Let  $\neg c_0$  be the last clause added to  $B_{i+1}$ , i.e.,  $c_0$  is a cube and  $c_0 \wedge T \wedge B'_i$  is UNSAT. If  $c_0$  is minimal we cannot reduce it. Otherwise, we can make  $c_0$  smaller by dropping existing literals to get  $c_1$ . The clause  $\neg c_1$  is weaker than clause  $\neg c_0$  and therefore blocks more states at  $B_{i+1}$ . The heuristics carefully reorder the assumption literals in s (line 10) to generate  $\hat{s}$  as shown in Fig. 1.

Intersection Heuristic. Given a state s and the last added clause  $\neg c$  in  $B_{i+1}$ , let  $\hat{s}$  be a new assumption vector such that  $c \cap s$  is the head, and s - c is the tail of  $\hat{s}$ . We pick the last added clause in  $B_{i+1}$  to avoid overhead of selection among different clauses in  $B_{i+1}$ , however, other clauses can also be used. Therefore, in  $SAT(\hat{s}, T \wedge B_i)$  literals from  $c \cap s$  have a higher chance to be included in the unsat query if the query is UNSAT. It is important to note that  $\hat{s}$  and s have the same literals but differ in their ordering in the assumption vector, thus preserving the satisfiability result.

Rotation Heuristic. Every call to UNSAFECHECK may generate a state t reachable from the input states. Ideally, we want these states to explore disjoint parts of the state space in the quest to find a path that reaches the bad states. The rotation heuristic helps in generating such diverse states. Each  $B_i$  (i > 0) is associated with a vector  $v_i$  to store the assumptions literals for the most recent SAT query involving  $B_{i-1}$ . For example,  $v_i$  is equal to the enumerated state  $s_1$  in the **F**-sequence that triggers the SAT query  $SAT(s_1, T \wedge B'_{i-1})$ . Subsequently, for  $B_{i-1}$  and a new enumerated state  $s_2$ , we generate  $\hat{s}$  such that  $v_i \cap s_2$  is the head and  $s_2 - (v_i \cap s_2)$  is the tail of  $\hat{v}_i$  as shown in Fig. 1. Note that  $\hat{s}$  and  $s_2$  have the same literals. Lastly, we update  $v_i$  to  $\hat{s}$ . The rotation heuristic generates diverse states as follows. For frame  $B_i$  in the **B**sequence, let S be the set of generated states in the SAT queries and  $C = \bigcap S$  be the set of common literals in states. Let c be the vector of literals in C. Assume x is an enumerated state in the **F**-sequence and the query  $SAT(\hat{x}, T \wedge B'_{i-1})$  is UNSAT. Based on rotation literal reordering, c is the head of  $\hat{x}$ . The returned unsat core u is added to  $B_i$ . For a subsequent enumerated state y and frame  $B_i$ , a new state t is generated if the query  $SAT(\hat{y}, T, B_i)$  is SAT. The new state satisfies  $t \not\supseteq u$ . Ideally, if  $c \supseteq u$  is true, it is guaranteed that  $t \cap c \neq c$ . The state t is added to S, and therefore  $\bigcap (S \cup \{t\}) \subset C$ , i.e. the number of common literals is reduced. After several satisfiable SAT calls with different enumerated states and  $B_i$ , we will have  $C = \emptyset$ .

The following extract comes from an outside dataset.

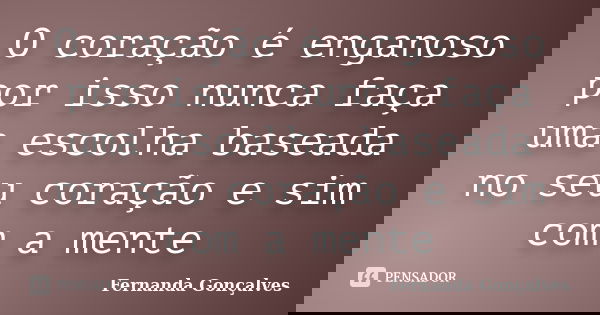 O coração é enganoso por isso nunca faça uma escolha baseada no seu coração e sim com a mente... Frase de Fernanda Gonçalves.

*Combination of Intersection and Rotation Heuristics.* The intersection and rotation heuristics have complementary strengths: intersection minimizes spurious state hits that do not reach bad states, while rotation generates diverse states reachable from the initial states. We use a combination to take advantage of their strength. For an enumerated states *s* we generate  $\hat{s}$  as shown in Fig. 1. Let  $\neg c$  be the last added clauses in  $B_{i+1}$  (intersection) and vector  $v_{i+1}$  is associated with  $B_{i+1}$  (rotation). Then  $c \cap s$  is the head of  $\hat{s}$ , and  $\hat{s_I}$  is the tail where  $\hat{s_I}$  is generated from *s* by the rotation heuristic. Note that  $\hat{s}$  may contain redundant literals but will preserve the satisfiability result of *s*.

## 4 Performance Evaluation

We incorporate the proposed heuristics in SimpleCAR [23]. Recall state enumeration in line 10 of Alg. 1. As the number of states stored in the **F**-sequence increase, the order of selection of state *s* becomes vital. We evaluate two simple strategies for state enumeration in the PICKSTATE procedure: begin selects states from the first element in  $F_0$  to the last element in  $F_n$ , and end selects state from the last element in  $F_n$  to the first element in  $F_0$ . Therefore, we consider six different implementations of CAR with varying assumption ordering heuristics and state enumeration strategies.

#### 4.1 Experiment Set-Up

We compare our additions to SimpleCAR with ABC 1.01 [13], IIMC<sup>4</sup>, IC3Ref [4] and Simplic3 [19]. The evaluated checkers algorithms together with the respective running configurations are listed in Table 2. All checkers use the Minisat [5,17] solver. There are three implementations of BMC in ABC: bmc and bmc2 for static and dynamic unrolling, respectively, and bmc3 for dynamic unrolling plus the termination after exhausted state exploration. <sup>5</sup> The BMC in Simplic3 and IIMC has the same functionality as bmc2 and bmc3 in ABC, respectively.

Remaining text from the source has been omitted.